Poisson Cokriging for Public Health Response
David Payares Garcia is a PhD student in the Department of Earth Observation Science. (Co)Promotors are prof.dr. A. Stein and dr. F.B. Osei from the Faculty ITC and prof.dr. J. Mateu from the University Jaume I.
Spatial disease mapping is critical for public health surveillance, yet traditional methods struggle with discrete count data and fail to exploit relationships between related diseases. This thesis introduces Poisson cokriging, a comprehensive geostatistical framework for multivariate disease mapping that addresses fundamental challenges in epidemiological analysis.
Poisson cokriging handles count data that violate Gaussian assumptions, stabilizes disease rates in sparsely populated areas, and leverages information from multiple diseases simultaneously. The method incorporates population-weighted estimators and bias correction to account for data heteroscedasticity while maintaining computational efficiency.
The thesis systematically develops Poisson cokriging through multiple extensions. The bivariate formulation demonstrates 50-74% improvement in prediction accuracy over univariate methods. Multivariate extensions enable simultaneous analysis of multiple diseases with superlinear improvements. Spatial downscaling through Area-to-Area and Area-to-Point approaches generates high-resolution risk maps from aggregated data with over 98% accuracy. The spatio-temporal extension captures disease dynamics across space and time.
Extensive simulation studies confirm robust statistical properties and exceptional computational efficiency, with analyses completing in seconds compared to hours required by comparable Bayesian methods. Real-world applications demonstrate the method's versatility: arboviral disease mapping in Colombia revealed vector dispersal patterns; COVID-19 analysis in the Netherlands and Colombia uncovered syndemic relationships with chronic diseases; HIV/STD mapping in Pennsylvania effectively handled sparse data; and suicide rate analysis across the United States identified continental-scale patterns informing national prevention strategies.

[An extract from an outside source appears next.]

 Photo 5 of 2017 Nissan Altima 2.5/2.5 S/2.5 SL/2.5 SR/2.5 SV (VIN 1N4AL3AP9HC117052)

Poisson cokriging bridges methodological innovation and practical application, enabling accurate disease mapping in diverse settings, identifying syndemic patterns, supporting real-time surveillance, and providing uncertainty quantification for resource allocation. The method equips health agencies with rigorous yet computationally feasible tools for modern disease surveillance and intervention planning.